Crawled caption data
☆ ☆ ☆ ☆ ☆
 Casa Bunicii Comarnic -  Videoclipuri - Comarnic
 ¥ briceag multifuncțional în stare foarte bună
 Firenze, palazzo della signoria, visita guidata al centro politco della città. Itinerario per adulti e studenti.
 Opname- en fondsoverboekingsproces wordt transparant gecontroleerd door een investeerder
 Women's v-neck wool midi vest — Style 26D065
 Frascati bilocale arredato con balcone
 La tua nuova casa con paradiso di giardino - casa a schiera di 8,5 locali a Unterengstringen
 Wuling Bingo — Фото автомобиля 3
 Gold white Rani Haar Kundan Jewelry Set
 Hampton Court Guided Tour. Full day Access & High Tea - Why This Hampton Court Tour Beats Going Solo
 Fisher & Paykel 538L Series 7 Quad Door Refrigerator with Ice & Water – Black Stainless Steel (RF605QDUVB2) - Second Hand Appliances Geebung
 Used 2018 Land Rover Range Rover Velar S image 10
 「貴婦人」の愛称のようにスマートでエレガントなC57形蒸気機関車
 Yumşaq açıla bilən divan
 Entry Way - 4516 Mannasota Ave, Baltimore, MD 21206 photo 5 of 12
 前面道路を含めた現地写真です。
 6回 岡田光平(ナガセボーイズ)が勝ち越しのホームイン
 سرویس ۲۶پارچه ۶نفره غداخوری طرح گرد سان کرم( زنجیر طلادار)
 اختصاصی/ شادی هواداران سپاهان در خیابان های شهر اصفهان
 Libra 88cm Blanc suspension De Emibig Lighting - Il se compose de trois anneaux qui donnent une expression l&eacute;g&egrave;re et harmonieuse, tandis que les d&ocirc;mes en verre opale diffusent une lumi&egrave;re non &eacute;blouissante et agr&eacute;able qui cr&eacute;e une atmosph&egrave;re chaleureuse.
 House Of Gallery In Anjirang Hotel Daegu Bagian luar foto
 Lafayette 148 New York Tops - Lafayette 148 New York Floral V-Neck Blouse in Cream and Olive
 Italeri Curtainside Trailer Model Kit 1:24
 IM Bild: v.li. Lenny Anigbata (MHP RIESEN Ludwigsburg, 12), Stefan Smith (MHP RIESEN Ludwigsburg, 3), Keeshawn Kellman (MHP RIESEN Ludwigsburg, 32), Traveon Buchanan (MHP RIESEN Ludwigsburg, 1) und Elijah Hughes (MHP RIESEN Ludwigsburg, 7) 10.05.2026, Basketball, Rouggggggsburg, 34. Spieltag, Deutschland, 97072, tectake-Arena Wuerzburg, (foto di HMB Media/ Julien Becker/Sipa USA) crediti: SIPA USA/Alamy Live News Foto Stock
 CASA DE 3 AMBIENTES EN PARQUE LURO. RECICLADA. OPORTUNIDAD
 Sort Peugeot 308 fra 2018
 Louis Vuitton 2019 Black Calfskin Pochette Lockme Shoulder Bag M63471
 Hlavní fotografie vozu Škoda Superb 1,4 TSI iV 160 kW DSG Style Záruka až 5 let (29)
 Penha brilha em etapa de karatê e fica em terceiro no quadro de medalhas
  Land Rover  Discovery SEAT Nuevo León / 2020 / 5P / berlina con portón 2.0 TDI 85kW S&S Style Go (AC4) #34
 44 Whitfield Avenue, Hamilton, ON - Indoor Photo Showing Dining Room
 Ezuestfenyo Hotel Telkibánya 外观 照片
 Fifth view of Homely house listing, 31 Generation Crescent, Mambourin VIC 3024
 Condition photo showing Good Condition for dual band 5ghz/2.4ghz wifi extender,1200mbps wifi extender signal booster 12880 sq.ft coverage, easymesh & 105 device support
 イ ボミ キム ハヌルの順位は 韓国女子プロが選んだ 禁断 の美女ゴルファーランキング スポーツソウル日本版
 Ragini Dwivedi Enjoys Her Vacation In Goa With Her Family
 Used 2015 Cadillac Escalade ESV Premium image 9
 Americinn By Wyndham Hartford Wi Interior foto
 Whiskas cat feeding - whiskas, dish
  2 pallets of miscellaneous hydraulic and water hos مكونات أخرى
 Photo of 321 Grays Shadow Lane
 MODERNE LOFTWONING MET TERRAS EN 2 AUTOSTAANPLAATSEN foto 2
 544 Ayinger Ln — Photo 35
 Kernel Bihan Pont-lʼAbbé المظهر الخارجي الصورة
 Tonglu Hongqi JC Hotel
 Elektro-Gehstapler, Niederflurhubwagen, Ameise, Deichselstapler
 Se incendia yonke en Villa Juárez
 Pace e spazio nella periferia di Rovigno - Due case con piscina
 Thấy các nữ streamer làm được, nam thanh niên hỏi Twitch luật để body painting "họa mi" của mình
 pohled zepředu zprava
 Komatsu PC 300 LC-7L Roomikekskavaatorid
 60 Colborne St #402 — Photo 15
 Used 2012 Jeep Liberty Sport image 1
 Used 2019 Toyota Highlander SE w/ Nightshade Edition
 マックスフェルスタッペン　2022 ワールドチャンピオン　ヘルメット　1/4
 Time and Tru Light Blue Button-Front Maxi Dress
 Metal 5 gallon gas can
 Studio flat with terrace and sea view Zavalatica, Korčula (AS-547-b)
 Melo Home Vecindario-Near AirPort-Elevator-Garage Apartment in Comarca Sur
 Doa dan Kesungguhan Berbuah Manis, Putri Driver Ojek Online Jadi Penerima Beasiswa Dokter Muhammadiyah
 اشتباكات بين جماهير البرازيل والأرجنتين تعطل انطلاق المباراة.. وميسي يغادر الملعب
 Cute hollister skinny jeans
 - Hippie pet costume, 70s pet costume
☆ ☆ ☆ ☆ ☆
Task details
Scan the records for the word "view". Copy each line where it turns up.

Task answer
 Fifth view of Homely house listing, 31 Generation Crescent, Mambourin VIC 3024
 Studio flat with terrace and sea view Zavalatica, Korčula (AS-547-b)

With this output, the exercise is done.